The apartment seemed lighter in the next hours although it was nearing midnight. With art on the walls and his mini-library arranged to his pleasing, it seemed he had been occupying this negative space longer than a few days. Almost all of his clothes nestled comfortably in neat stacks that seemed mandatory for the all of the order he applied to all other aspects of the room. I noticed a large black bag peeking out from beneath a few tattered pairs of jeans.

It was too big for a delicates bag, though I didn't question it at the time- there are stranger things for men to have. I pulled out his top drawer. and reached in, feeling not the soft cotton of boxers or socks, but a leather strap. Thick with surprise, I opened the bag completely. The only thing that hadn't been organized and meticulously placed and packed was a small jumble of black leather, clamps, whips, floggers, handcuffs, and toys I didn't have a name for. My gasp must have been audible, for he looked up; his eyes rounded as he stuttered for a moment.

"Oh, I. . .I don't really, I just, I don't, it's just something I tried once and. . ." I watched him grope uncomfortably for a moment, moving towards me, almost as though he meant to clear the thickness of the tension by moving.

"No, Julian, It's okay." I reached in, pulling out a collar, and felt its weight in my hand for a moment. I looked up at him, feeling brave as I held it to my neck. "How does it look on me?"

I could feel his relief as he stopped, looking at me with a sort of surprise and gravity that burned. We looked at each other like the moment was held in fermata, my fingers fumbling with the buckle as my bravado faded. My boldness was instantly regretted and I felt myself shrinking in hesitance. I opened my mouth to relieve some of the pressure when he answered with his hands. He took the collar from me and fastened it properly. A look of lust was drawn over him as we just felt the tension between us, this moment of just standing, connected by his touch, our gazes locked.

I looked up at his suddenly cool exterior; regaining any composure he had lost in my discovery. His mouth found mine in a light, teasing kiss, his hand tilting my face up to meet him.

"You really shouldn't have looked in that bag."

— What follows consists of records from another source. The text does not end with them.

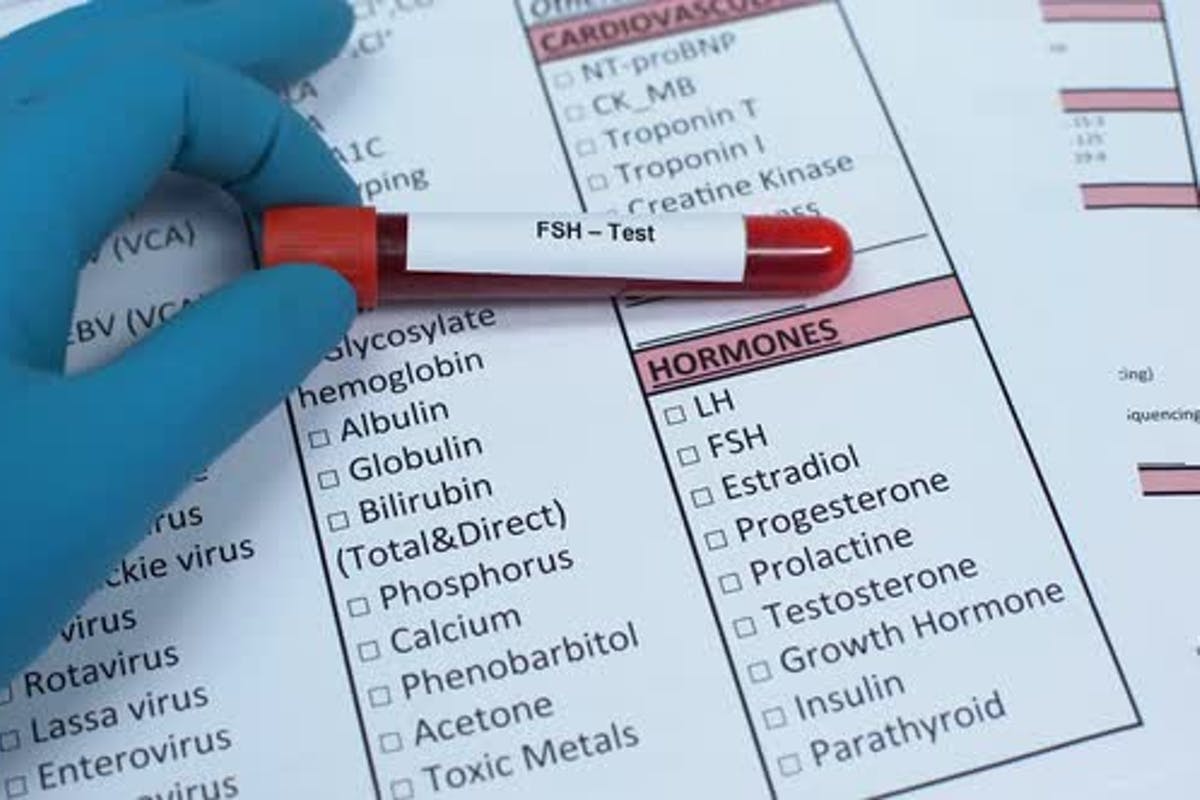 BioMarkers-Lab-Results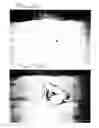 Fig. 04 - Awake airway, including two variants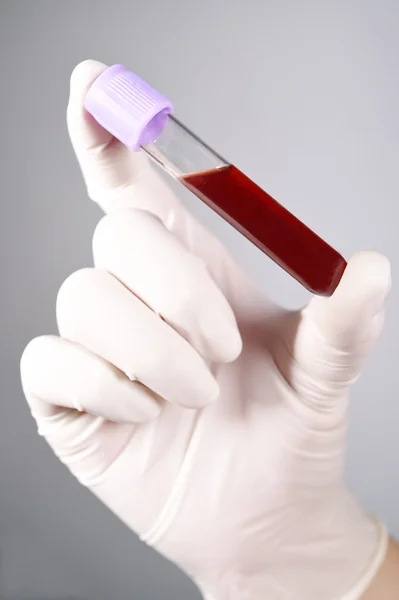 Mano sosteniendo sangre en tubo de ensayo sobre fondo gris — Foto de Stock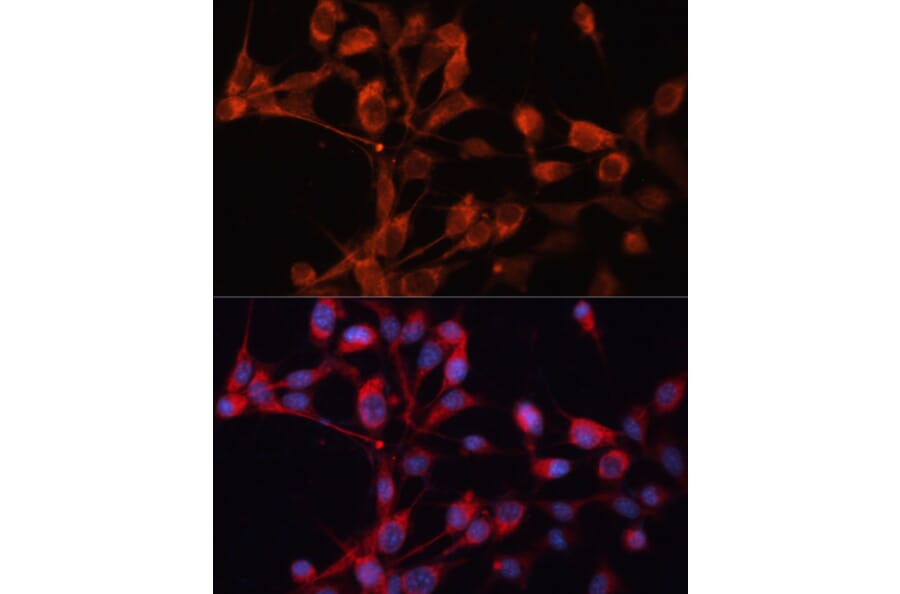 Immunofluorescence - Anti-SLC25A19 Antibody (A92178) - Antibodies.com
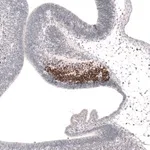Merck Anti-SKOR2 antibody produced in rabbit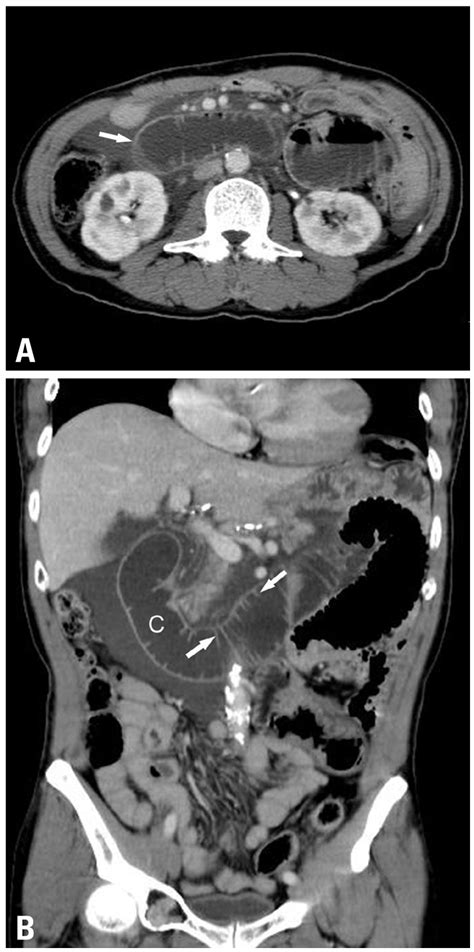 Afferent Loop Obstruction In A 62 Year Old Man After Roux En Y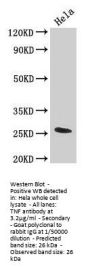 TNF Antibody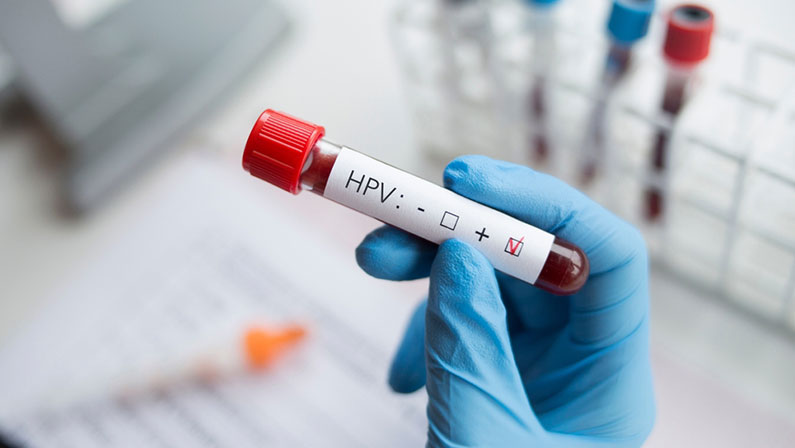 Laboratory - blood sample positive with HPV (human papilloma virus) deficiency test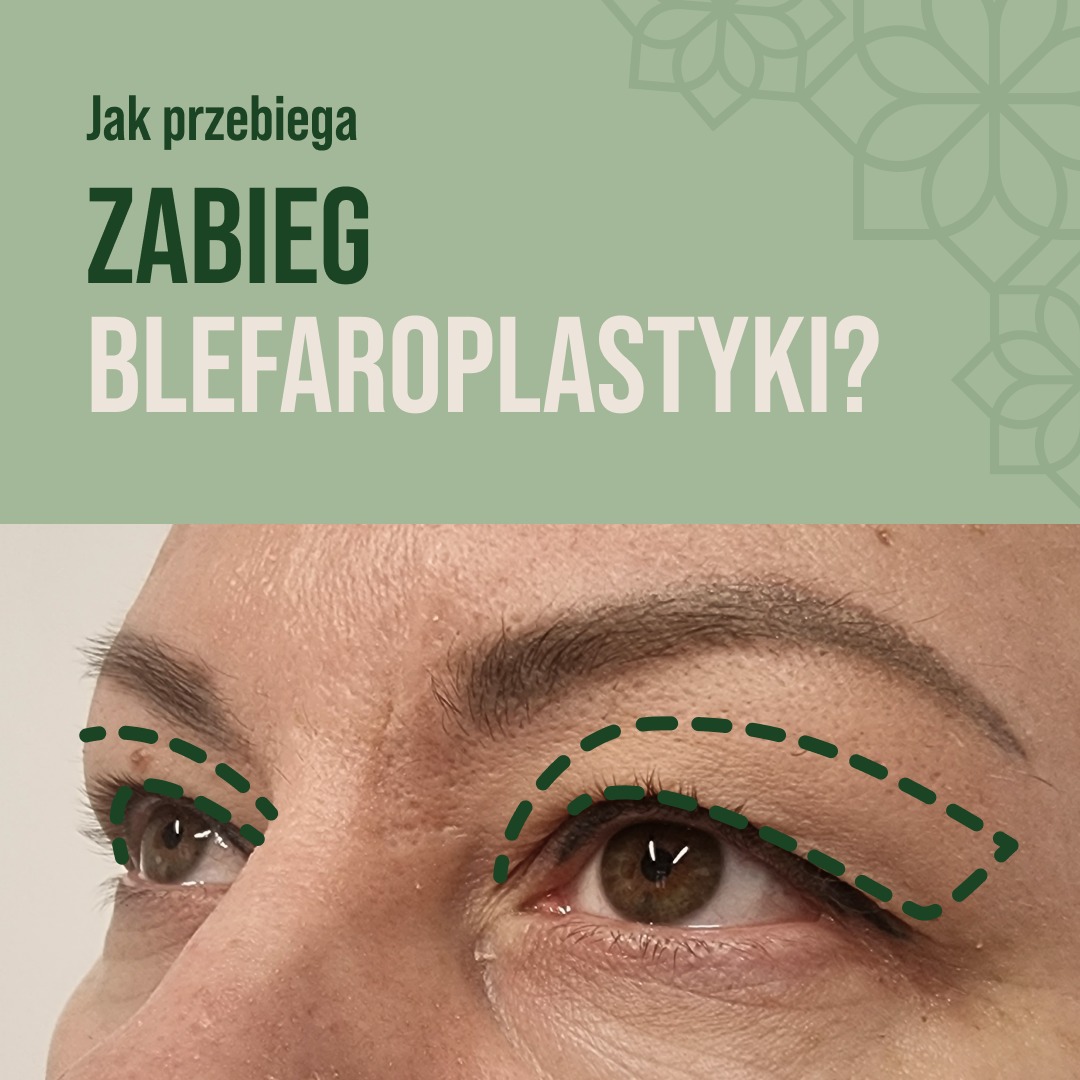 Zbliżenie na oczy kobiety z zaznaczonymi zielonymi liniami przerywanymi obszarami powiek przed zabiegiem plastyki powiek górnych, widoczny fragment tekstu 'Jak przebiega ZABIEG BLEFAROPLASTYKI?'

He wound a few fingers in my auburn hair, and I all but purred, drugged by the feel of his breath on my neck and his grip on my hair. He locked up my tongue when he buckled the collar.

"With my collar around your neck there's nothing to hide behind." his words rolled like velvet off of his tongue. "You've been hiding, too, haven't you? 'Holding the cards closely to your chest so you can't be vulnerable, can't be found out."

He recited as though it was some pre-prepared monologue, pulling my arms behind me gently, and I waited for him to bind them together. My chest thrust out obscenely against my white, clinging blouse, "Just look at you, sweetie. Look at how excited you are- speechless!" he shook his head, grinning, "and I really thought it'd be harder, much more time consuming to reveal all of this to you."

I could feel myself becoming helplessly aroused, my nipples hardening, pressing my thighs tightly together. What else was there to do? I was losing all control of the situation fast. Despite his cautiousness, his tender touch, I was caught off-guard, -intrigued- insatiable.

"I won't do anything you don't want, honey. Notice your hands aren't bound, and they'll stay that way. . . I don't take what isn't given."

Looking over me, it was as if he had found something he had once lost but had forgotten what it was for. Julian's soft grazing touch made me sigh, his fingers tracing my face as though he were trying to remember me. My eyes closed, I parted my lips and flicked his thick fingers with my tongue. With their retreat, he pulled the words from me.